• SUPPLIED MATERIAL

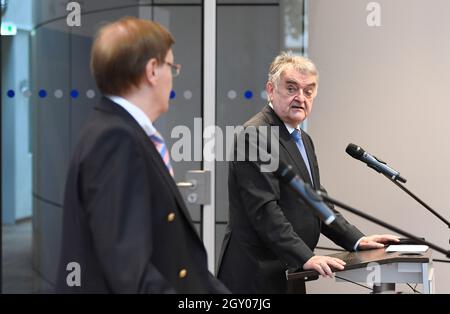 Düsseldorf, Deutschland. Oktober 2021. Der Innenminister des Landes Nordrhein-Westfalen, Herbert Reul (r, CDU), und der Justizminister des Landes Nordrhein-Westfalen, Peter Biesenbach, berichten der Presse über den bundesweiten Polizeieinsatz gegen Geldwäsche und Terrorismusfinanzierung. Quelle: Roberto Pfeil/dpa/Alamy Live News Stockfoto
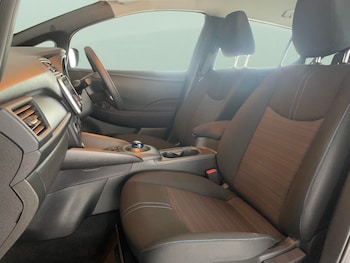 Used Nissan Leaf 2021 for sale - 79437257: Photo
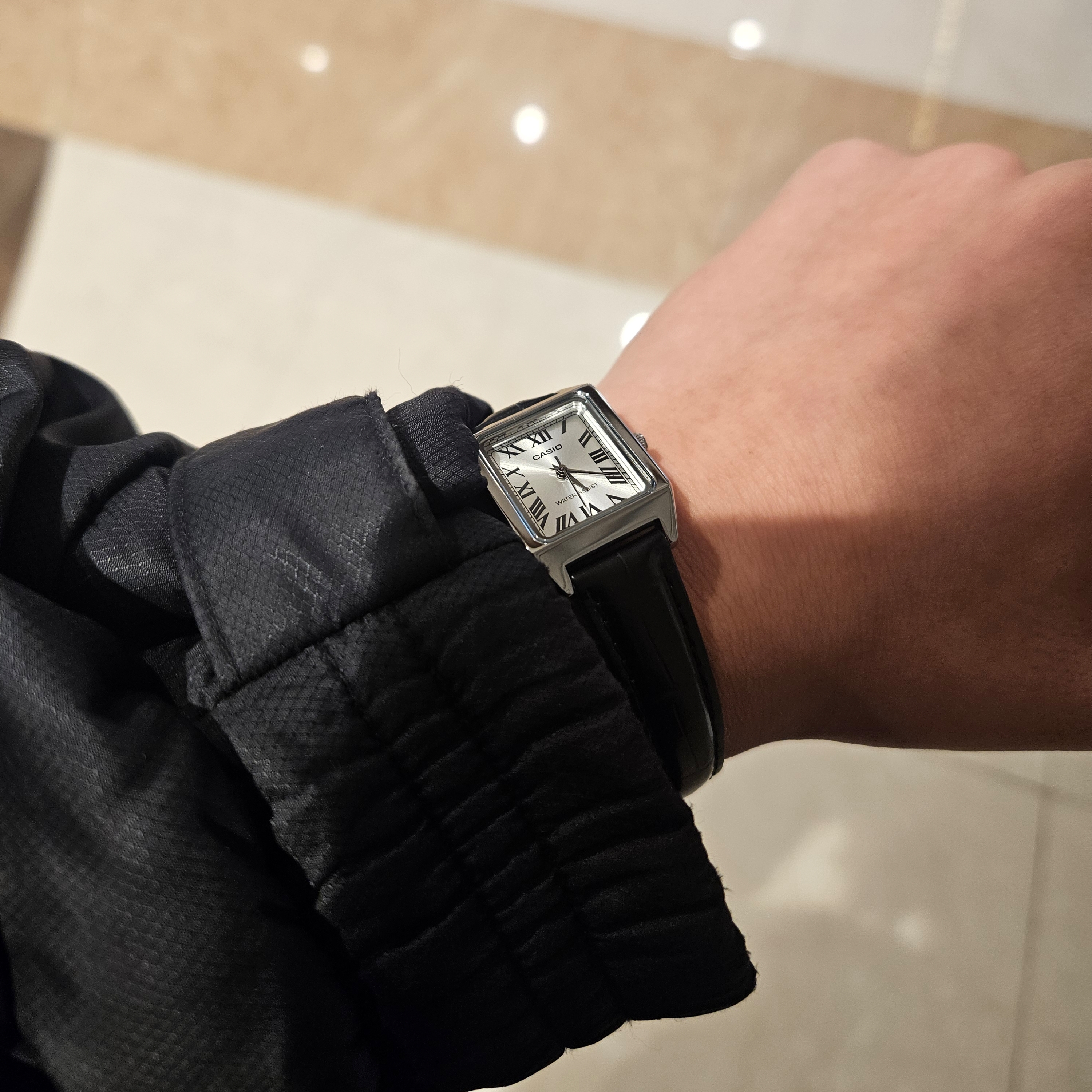 Casio LTP-V007L-7B1 착용 스타일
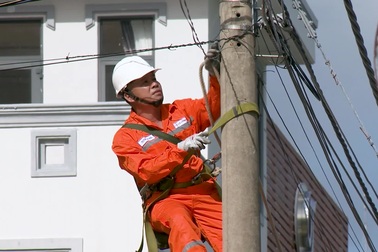 Cuộc thi ảnh "50 năm vượt nắng thắng mưa - thắp sáng khát vọng thịnh vượng"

• WHAT THE TASK ASKS
Above is a listing with pictures. Write it out exactly without them.

• RESULT OF THIS TASK
 Düsseldorf, Deutschland. Oktober 2021. Der Innenminister des Landes Nordrhein-Westfalen, Herbert Reul (r, CDU), und der Justizminister des Landes Nordrhein-Westfalen, Peter Biesenbach, berichten der Presse über den bundesweiten Polizeieinsatz gegen Geldwäsche und Terrorismusfinanzierung. Quelle: Roberto Pfeil/dpa/Alamy Live News Stockfoto
 Used Nissan Leaf 2021 for sale - 79437257: Photo
 Casio LTP-V007L-7B1 착용 스타일
 Cuộc thi ảnh "50 năm vượt nắng thắng mưa - thắp sáng khát vọng thịnh vượng"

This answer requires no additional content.